Many programming languages has if-else and switch constructions in one way or another. Usually, they overlap in functionality:

// Kotlin's if-else.

if (a == 0) {
    // ...
} else if (a == 1) {
    // ...
} else {
    // ...
}

vs:

// Kotlin's when (the language version of 'switch').

when (a) { // 
    0 ->
        // ...
    1 ->
        // ...
    else ->
        // ...
}

To keep it simply, I will pick just one clean syntax. The compiler should take care of optimizations, lefting human biases aside.

Considerations about switch:

  • Intended to check equality against constants.
  • Several cases are expected and nicely laid out.
  • Unflexible (ranges not allowed).
  • Introduces two nesting levels gratuitously.

Considerations about if-else:

  • Succint when checking a single condition.
  • You must remember to add else before if / change to elif in sequences (beware refactors!).

Personally, I prefer to mark the end of if-else sequences rather than mark I want to extend it every time (I found the latter error-prone).
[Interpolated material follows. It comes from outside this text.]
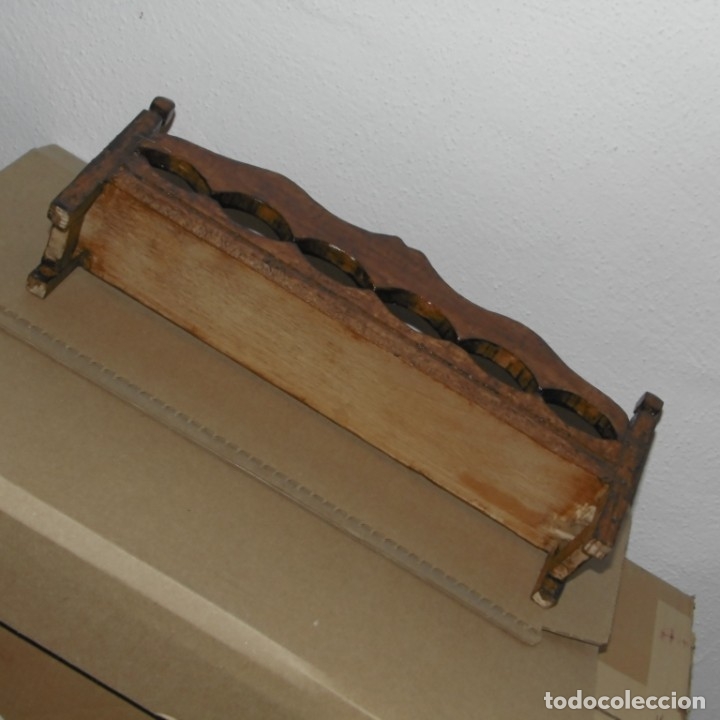 Casas de mu&ntilde;ecas: Esca&ntilde;o o banco de madera para mu&ntilde;ecas. - Foto 4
The ‘when-else’ expression

when <condition> :
    <branch>
when <condition> :
    <branch>
...
[ else :
    <branch> ]
end

A if-else-like example could go like this:

let x =
    when a < 42 :
        42
    else :
        a
    end

A switch-like example would be like:

when charpoint == 8#0A# :
    is_newline()
when charpoint < 0 :
    is_broken()
when 0 <= charpoint < 128 :
    is_ascii()
else :
    is_unicode()
end

Unlike in Kotlin, those are particular cases, not special ones. A train of whens does what else if/elif achieves in other languages.

Nesting example:

when a == 1 :
    when b == 42 :
        foo()
    end
    bar()
end

Note how these examples use the alternative proposed syntax, where indentation is meaningful.